Sunday 12 November 2017

Squeaky Boots

It takes me just a few minutes to walk from our cottage to the top of Bishop’s Wood above Caswell Bay.  The unmade up lane leading down to the wood, used daily by horses from a local livery stable, is awash with mud.  In the field above the wood, a new winter stable is near completion and complete with solar panels; it seems that some people think more of their pets than themselves.

There’s no wind, and the weak watery sun has little effect on the damp air as I walk onto the woodland path high above the valley.  A soft, slippery carpet of fallen leaves covers the path, mosses drape oaks, sycamores and old broken down stonewalls, and a multitude of ferns, all make the woodland floor intensely green.  A robin, a distant wren, and the strange rasping call of a grey squirrel break the silence, and a line of maturing beeches attracts a small flock of tits and finches.

Towards the end of the path, I’m almost at treetop level, the sun lights the valley below, and as I break out into the open, I can see over a grey, flat-calm sea towards the distant Devon coast.  A bullfinch arrives in the hedge, inspects the shocking pink-coloured spindle berries, and leaves as quickly as he arrived.  A patch of spreading leafless young sycamores, already head high, will soon obstruct the lovely view from this spot, but an hour or so with a small handsaw is all that’s needed to restore it.

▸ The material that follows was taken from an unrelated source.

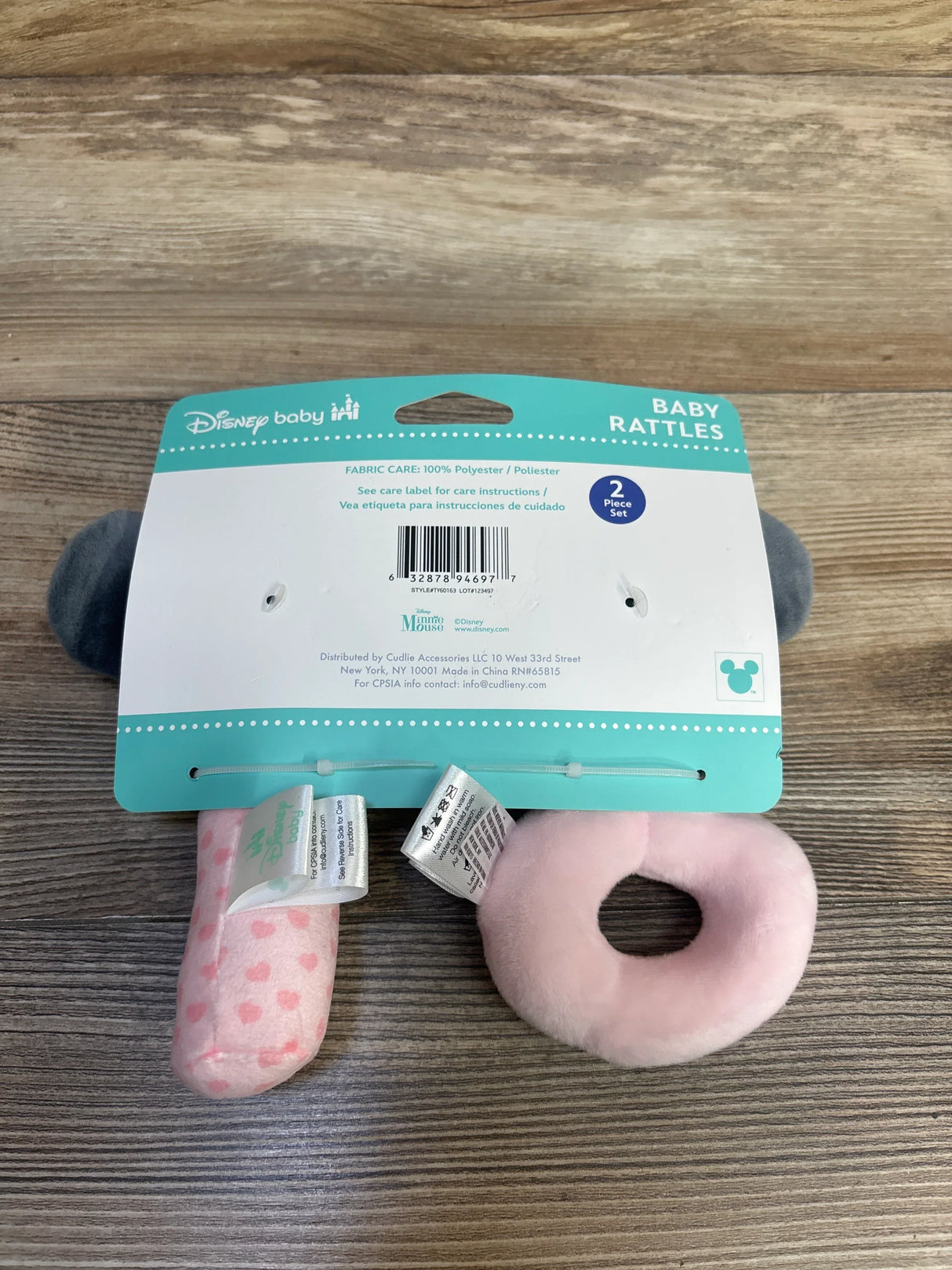 Front view of Minnie Mouse two-pack plush baby rattles: pink donut ring and pink polka-dot rattle on teal backing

Down in the valley, I pass an old moss-covered log, where for years, an old man put out seeds for birds each day.  There are no seeds, no birds and no signs of the old man.  Deep inside the wood the small community at Holt’s Field enjoys an alternative lifestyle.  Living close together in small dwellings, they’d have been labelled as hippies in the 1960s.  Now their green way of life seems very relevant in an age of over consumption and climate change.

It’s been silent the whole way, save for a few birds, and my constant squeaky boots.